接続端子も豊富で、4つのUSB-Aと1つのUSB-Cを搭載、HDMIとUSB Type-Cにより同時に最大3画面の表示に対応します。2.5G LANポートもあり、無線はWi-Fi 6やBluetooth 5.2に対応、そのほか2.5インチ SATA HDDが増設可能だったりMicroSDカードスロットを搭載するといった特徴があります。
スペック
OS | Windows 11 Pro |
---|---|
CPU | Intel N100 |
グラフィック | Intel UHD Graphics |
メモリ | 16GB DDR4 3200MHz シングルチャネル (SODIMM スロット×1, 最大16GBまで) |
ストレージ | 512GB M.2 2280 PCIe3.0 SSD |
ストレージ拡張 | TF カード スロット x1 2.5 inch SATA HDD Slot ×1 (SATA 3.0 6.0Gb/s) |
サイズ | 127.5 × 112.4 × 40mm |
前面ポート |
2 × USB-A 3.2 (Gen1) 1 × USB-C 3.2(Gen2、Data DP & PD OUT PUT) 1 × 3.5mmステレオヘッドセットジャック 1 × 電源ボタン |
背面ポート |
2 × USB-A 3.2 (Gen2) 1 × RJ45 2500Mイーサネットポート 2 × HDMI 2.1 1 × DC入力 |
ネットワーク | Wi-Fi 6 Bluetooth 5.2 |
外観と接続端子類
Minisforum UN100Pの外箱は段ボール風で低コストっぽい印象です。モバイルバッテリーや充電器ならこういう包装もよくありますが、PCでもこういうの、あるんですね。
パカッと開けて中もシンプル。
内容物は本体のほかに電源アダプタとHDMIケーブル、VESAマウントキット、取扱説明書(日本語対応)です。電源アダプタは12V/3A(36W)でした。普通に2ピンタイプのプラグです。
外観
天面の隅にMinisforumのロゴ。そのロゴがある右下部分とそれ以外で少し模様が変わります。
底面には各種認証マークなど。PSEマークも技適マークもあります。上の方にある金色のネジ穴はVESAマウント用、四隅の穴にあるネジが中にアクセスするための蓋を留めているネジです。ゴム足とは別になっています。

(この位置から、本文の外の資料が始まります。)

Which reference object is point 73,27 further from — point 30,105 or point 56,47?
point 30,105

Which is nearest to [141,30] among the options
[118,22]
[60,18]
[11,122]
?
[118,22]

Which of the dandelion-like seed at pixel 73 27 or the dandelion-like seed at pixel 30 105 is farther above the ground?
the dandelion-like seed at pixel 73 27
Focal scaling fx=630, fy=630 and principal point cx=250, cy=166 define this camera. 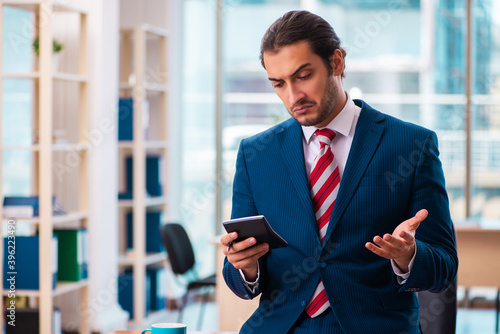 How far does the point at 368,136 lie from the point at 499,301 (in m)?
3.60

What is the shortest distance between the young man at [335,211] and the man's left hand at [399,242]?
0.07 metres

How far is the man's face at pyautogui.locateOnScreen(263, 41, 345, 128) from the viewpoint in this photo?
1.55 meters

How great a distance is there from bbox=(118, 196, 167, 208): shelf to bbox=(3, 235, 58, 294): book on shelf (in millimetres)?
1227

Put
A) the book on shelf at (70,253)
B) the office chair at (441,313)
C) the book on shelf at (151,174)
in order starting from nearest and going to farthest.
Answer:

本体の大きさは127.5×112.4×40mmとコンパクトです。大きさだけならこれまで紹介してきたミニPCと同じくらいなのですが、持ってみるとその軽さに驚きました。え?これ中身入ってるの?と思ってしまいました。
ポート類
全面にはUSB-A(3.2 Gen1)が2つとUSB-C(3.2 Gen2)が1つ、3.5mmオーディオジャックと電源ボタンです。左側にある穴はCMOSクリアボタンです。

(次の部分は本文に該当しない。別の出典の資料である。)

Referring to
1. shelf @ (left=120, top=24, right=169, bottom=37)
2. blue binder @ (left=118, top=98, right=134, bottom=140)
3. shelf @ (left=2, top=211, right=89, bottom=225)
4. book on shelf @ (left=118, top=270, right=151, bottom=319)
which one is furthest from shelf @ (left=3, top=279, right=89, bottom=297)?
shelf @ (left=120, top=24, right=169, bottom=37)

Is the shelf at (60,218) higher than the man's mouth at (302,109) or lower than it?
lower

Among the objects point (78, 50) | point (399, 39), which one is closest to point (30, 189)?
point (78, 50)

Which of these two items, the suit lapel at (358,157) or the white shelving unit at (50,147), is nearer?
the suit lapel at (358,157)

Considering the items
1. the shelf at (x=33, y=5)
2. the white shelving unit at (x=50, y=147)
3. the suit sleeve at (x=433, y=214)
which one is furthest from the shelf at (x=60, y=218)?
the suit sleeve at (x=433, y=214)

なお、このUSB-Cはディスプレイと接続して映像出力したり、USB充電器と接続してここから電源を取っても動作します。(35W出力のモバイルバッテリーを接続しても動作しました)
背面は2.5G LANポートにUSB-A(3.2 Gen2)が2つ、 HDMI 2.1が2つにDC入力です。
右側面は排熱スリットのみ。
左側面にはケンジントンロックとMicroSDカードスロットがあります。SDカードではなくMicroSDカードだと、スマホで使っている人にはデータのやり取りが楽そうですね。
SSDやRAMは交換可能、SATAドライブも
底面の四隅にあるネジを外すと中の基盤にアクセスできます。M.2 2280 SSDはHighRelの512GB、RAMは16GBです。SSDは最大1TBのものまで交換可能です。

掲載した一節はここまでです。